No celebran capítulo ni visten capas ni cantan La vaca lechera. De momento, no. Pero la cofradía está muy extendida y ya cuenta con un miembro más.

¿Han visto cómo va la gente? Si es que andan tan cabreados que parece que les hayan pisado la cola (con perdón sea dicho). Te acercas a cualquiera con la mejor de las intenciones y, haciendo uso de las reglas de urbanidad, establecidas en su día y, eso sí, más acabadas que el argumento de un político en campaña, le dices ¿Cómo está usted?, y va el menda y te suelta aquello de ¡Pues, anda, que usted! Y tú, que no eres de piedra, respondes a la provocación con un ¿Qué te pasa a ti, eh, so listo... ?, y ya está liada.

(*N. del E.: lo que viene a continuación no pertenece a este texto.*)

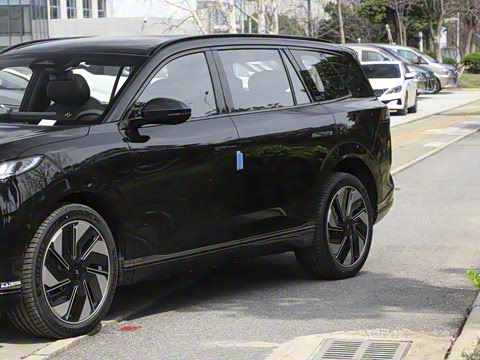 2025�� 210Max���Ȱ� 5��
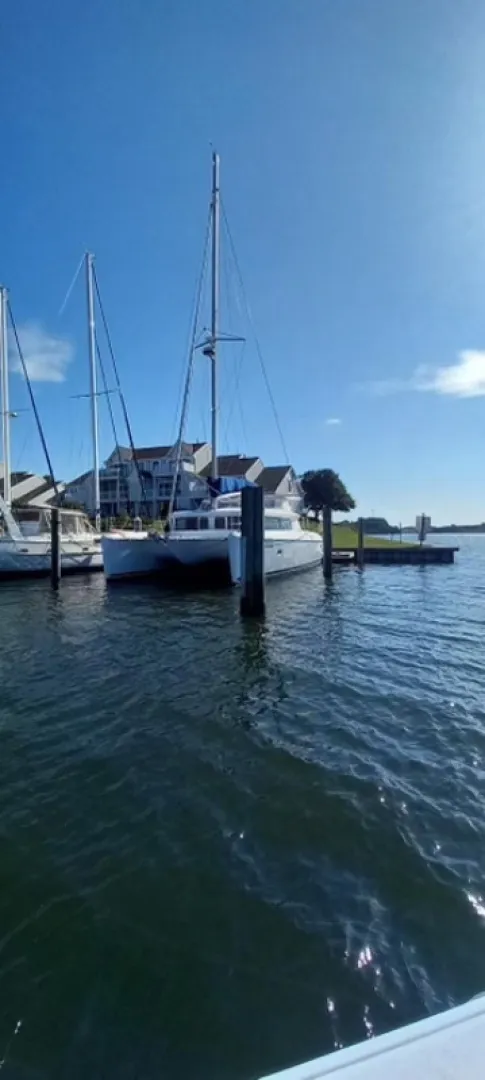 Slide: The Image of Used Sail Catamaran for sale 2008 Lagoon 420 - MOONDANCE - 4893800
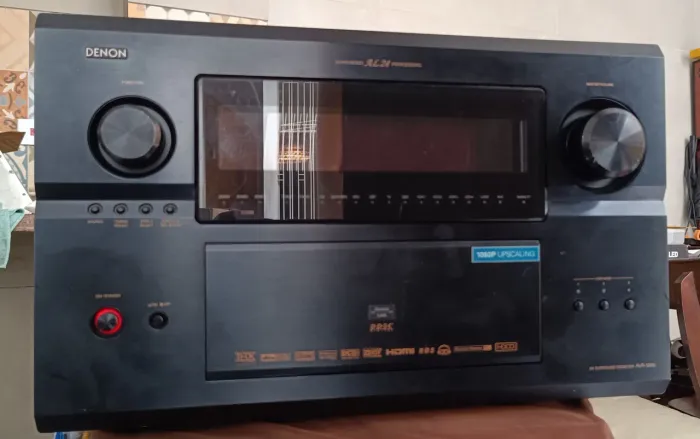 Receiver DENON AVR 5805 ("O Monster" Top de linha da DENON) COM DEFEITO.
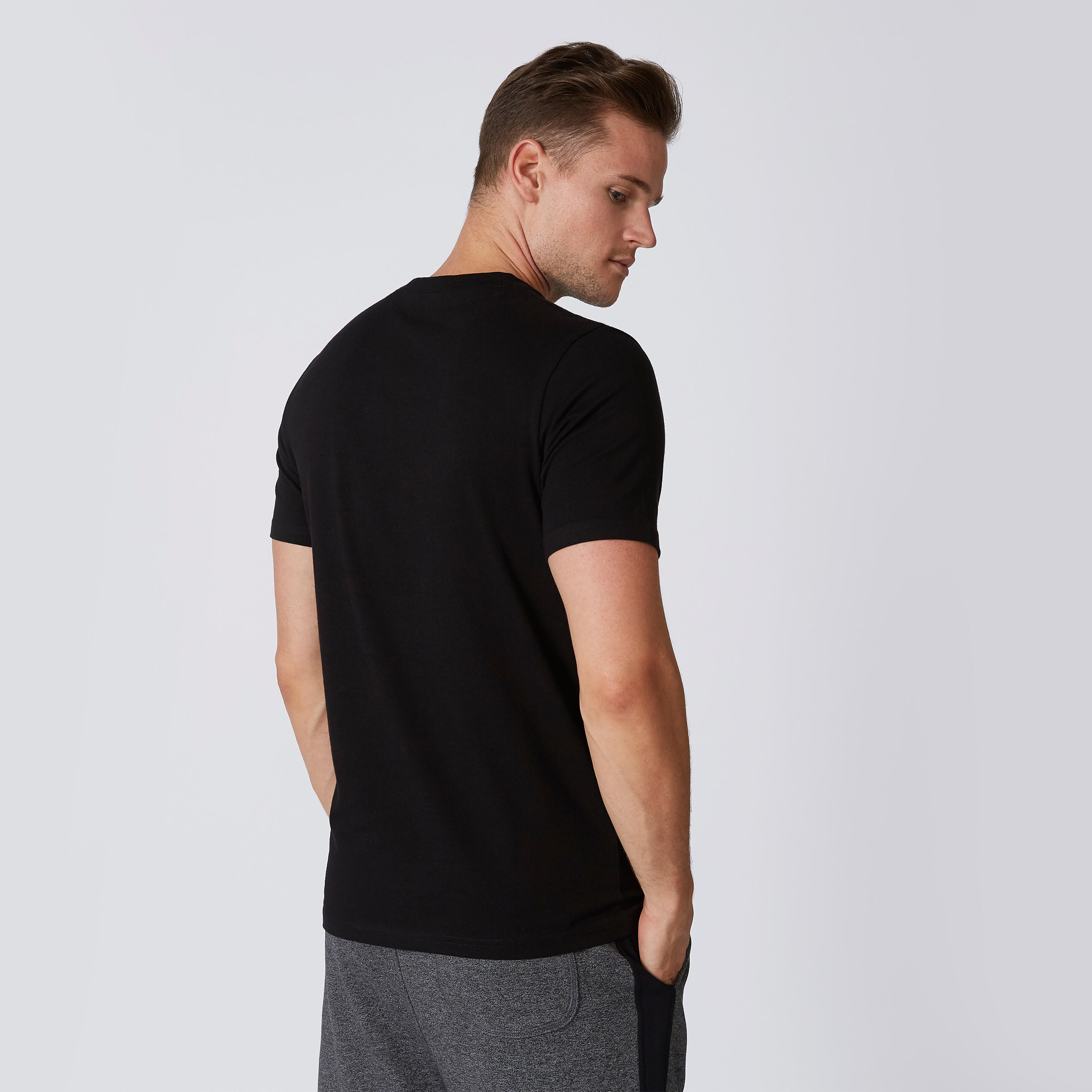 تيشيرت مستدام سليم بياقة مستديرة وطبعات سوبرمان -men-clothing-tshirtsandpolos-tshirts-image-2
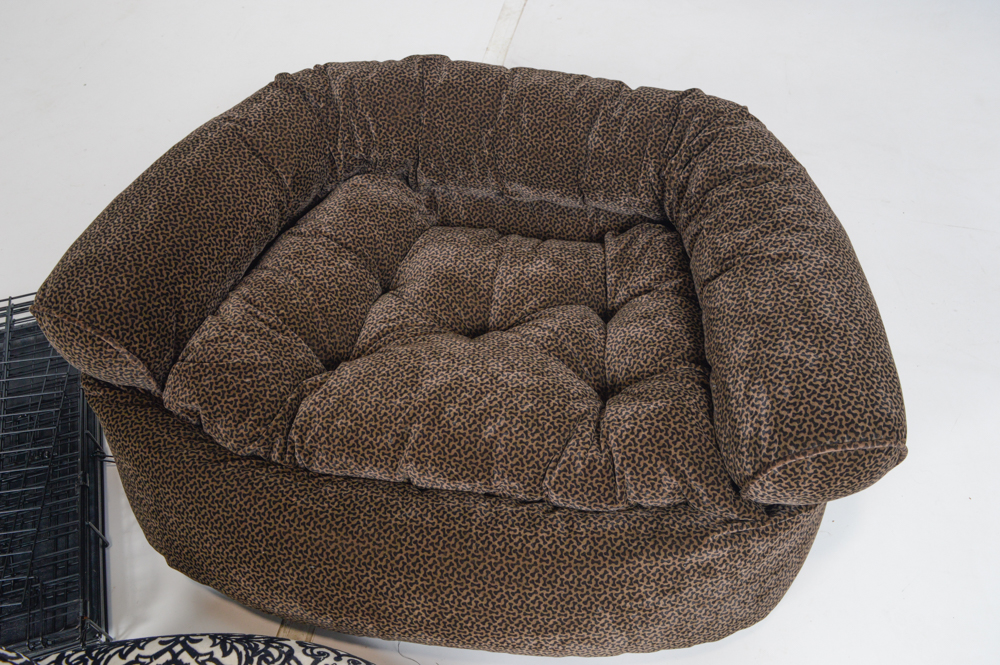 Dog Beds, Carrier and Cage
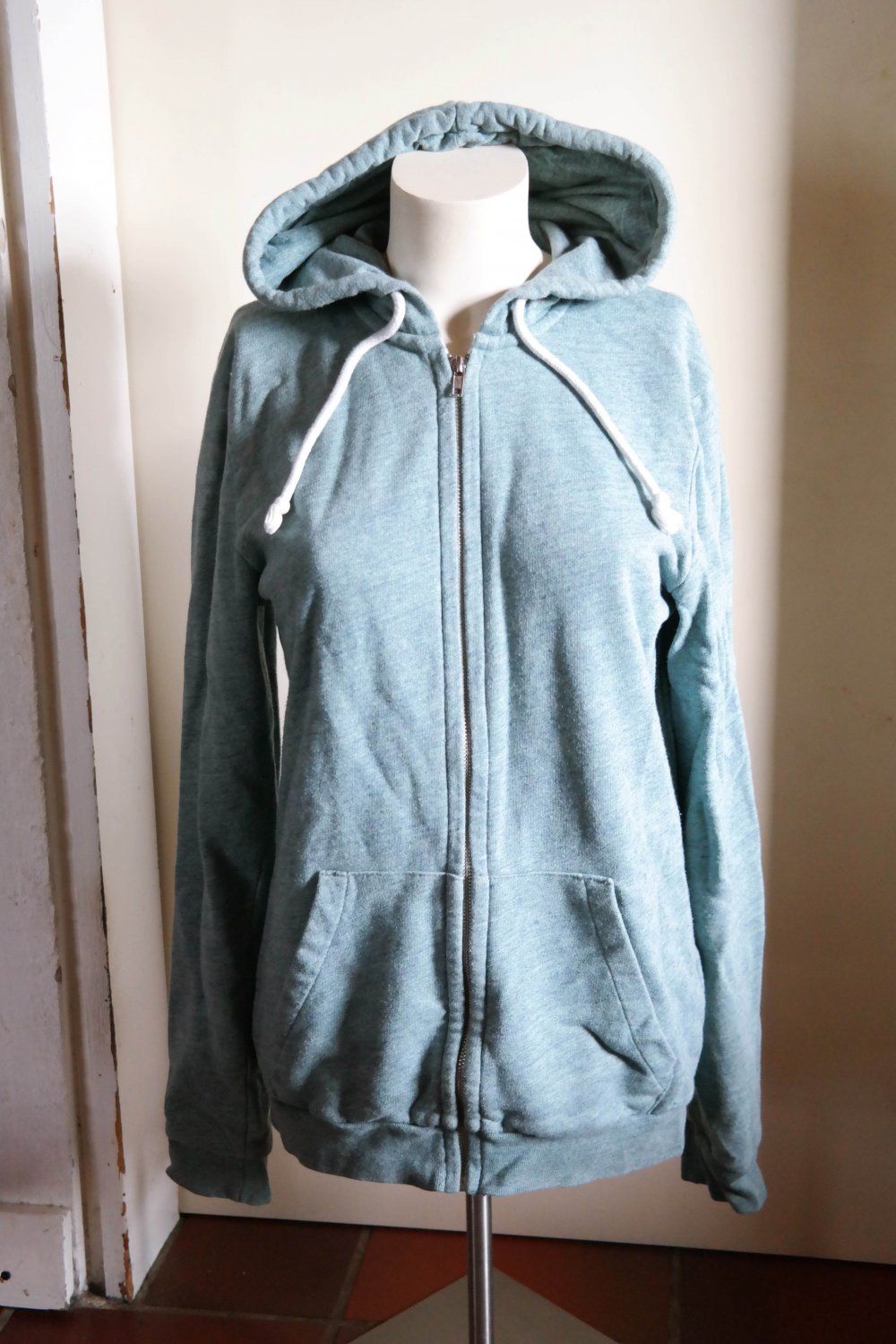 H&M Hoodie Kapuzenpullover Hoody hellblau hellgrau S 36 M 38 Sweatjacke Sweater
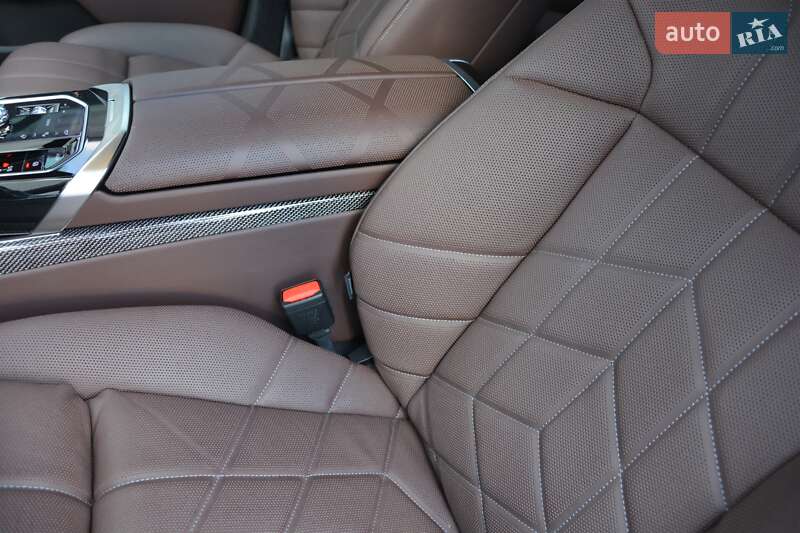 Седан BMW 7 Series 2023 в Києві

Total, por un saludo que pretendía ser amable se arma la bronca y empiezan a brotar tacos y familiares de carrerilla. Entras en una tienda, un decir, y saludas, con la obsoleta educación bregada en uno de los infinitos planes que en el Ministerio han sido, Buenos días, ¿quién es el último?, y te miran de arriba abajo como si fueras un holograma de Putin. El último es usted, tira de retranca el más amargado de los presentes. Y el tendero, que ya debería saber aquello del cliente y la razón, incluso él, te traiciona y suelta: Buenos días, buenos días precisamente... ¡con la que está cayendo!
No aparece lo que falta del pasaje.